Figure EV4. 3D SMLM imaging of a semipermeabilized interphase and metaphase cells

1. A, B

   3D dSTORM images of interphase (A) or metaphase‐arrested (B) U2OS cells expressing SNAP‐tagged Nup96 that were semipermeabilized with digitonin and labeled with the BG‐AF647 SNAP dye. The SMLM data were rendered with SMAP. Left panels in (A) and (B) were rendered in a z range of −500 to 500 nm. For the insets 1 and 2, the top panels represent the xy dimension, whereas the bottom panels represent xz dimension. For (A), Y‐rings localized at both faces of interphase NPCs were indicated as R1 and R2. In (B), mitotic clusters at the ER and at kinetochores are magnified in insets 1 and 2, respectively. Localizations were color‐coded according to their z position. The insets were rendered in the z ranges of −100 to 300 nm and −200 to 200 nm for (A) and (B), respectively. Representative images of four biological replicates. Scale bar of left panels, 10 μm. Inset scale bars, 100 nm.

Figure 5. DBSCAN quantification of NPCs, mitotic clusters, and kinetochores

1. 2D dSTORM images of a metaphase‐arrested U2OS cell expressing Nup96 with a SNAP‐tag, labeled with BG‐Alexa Fluor 647 (orange), in combination with confocal imaging of the ER immunostained for Climp63 (red) and phospho‐histone H3 (cyan) to label DNA. Inset 1 (mitotic clusters) and inset 2 (kinetochores) are indicated with white dashed boxes. SMLM data were reconstructed using Thunderstorm. Representative images of N = 4 biological replicates. Scale bars, 10 μm. Inset scale bars, 200 nm.

2. Data analysis procedure of SMLM data. SMLM data were reconstructed in SMAP, processed using DBSCAN and then filtered to obtain the geometry and stoichiometry of Y‐complexes in interphase NPCs, mitotic clusters and at kinetochores.

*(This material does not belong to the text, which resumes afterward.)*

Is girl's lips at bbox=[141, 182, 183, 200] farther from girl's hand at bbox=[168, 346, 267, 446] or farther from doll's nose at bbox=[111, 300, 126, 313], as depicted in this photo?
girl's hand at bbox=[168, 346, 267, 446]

3. Quantification of the number of localizations in interphase NPCs (NPC), mitotic clusters and kinetochores of the experiments in (A) using DBSCAN. Error bars, SD.

4. Quantification of the number of protein copies in interphase NPCs (NPC), mitotic clusters and kinetochores of the experiments in (A) using DBSCAN. Error bars, SD.

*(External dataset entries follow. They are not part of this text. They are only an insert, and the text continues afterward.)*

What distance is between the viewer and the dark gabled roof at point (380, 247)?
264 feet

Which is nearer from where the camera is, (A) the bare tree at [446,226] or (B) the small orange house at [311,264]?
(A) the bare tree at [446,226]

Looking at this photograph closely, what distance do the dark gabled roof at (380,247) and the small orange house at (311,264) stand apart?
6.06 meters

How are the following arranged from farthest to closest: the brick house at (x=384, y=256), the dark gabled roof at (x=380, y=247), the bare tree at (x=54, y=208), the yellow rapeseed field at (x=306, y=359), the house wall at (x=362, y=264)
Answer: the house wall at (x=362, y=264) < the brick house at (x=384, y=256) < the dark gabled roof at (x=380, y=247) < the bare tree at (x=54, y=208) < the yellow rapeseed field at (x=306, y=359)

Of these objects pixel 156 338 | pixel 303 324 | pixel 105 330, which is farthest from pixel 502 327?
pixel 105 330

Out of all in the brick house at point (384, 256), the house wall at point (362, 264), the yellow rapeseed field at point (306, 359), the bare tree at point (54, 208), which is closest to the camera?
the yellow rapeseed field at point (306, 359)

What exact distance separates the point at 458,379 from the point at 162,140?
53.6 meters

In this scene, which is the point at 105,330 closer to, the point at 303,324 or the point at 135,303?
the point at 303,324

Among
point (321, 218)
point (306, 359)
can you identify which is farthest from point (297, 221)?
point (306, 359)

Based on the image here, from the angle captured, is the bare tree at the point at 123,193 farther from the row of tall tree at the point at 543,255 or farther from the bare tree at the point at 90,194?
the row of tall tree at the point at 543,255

5. Quantification of the cluster width of interphase NPCs (NPC), mitotic clusters and kinetochores of the experiments in (A) using DBSCAN. Error bars, SD.

Source data are available online for this figure.

Figure EV5. Nup96 localizes at kinetochores in mitosis

U2OS cells expressing Nup96‐SNAP were arrested at the metaphase‐anaphase transition using cell synchronization and treatment with 20 μM MG132, as described in Fig 3. Then, they were fixed, labeled with the BG‐AF647 SNAP dye, and immunostained with antibodies targeting CREST and Climp63 to label kinetochores and the ER, respectively. DNA was visualized with Hoechst (visible only in merged channels). N = 3, n = 30. Scale bar, 5 μm and inset scale bar, 1 μm.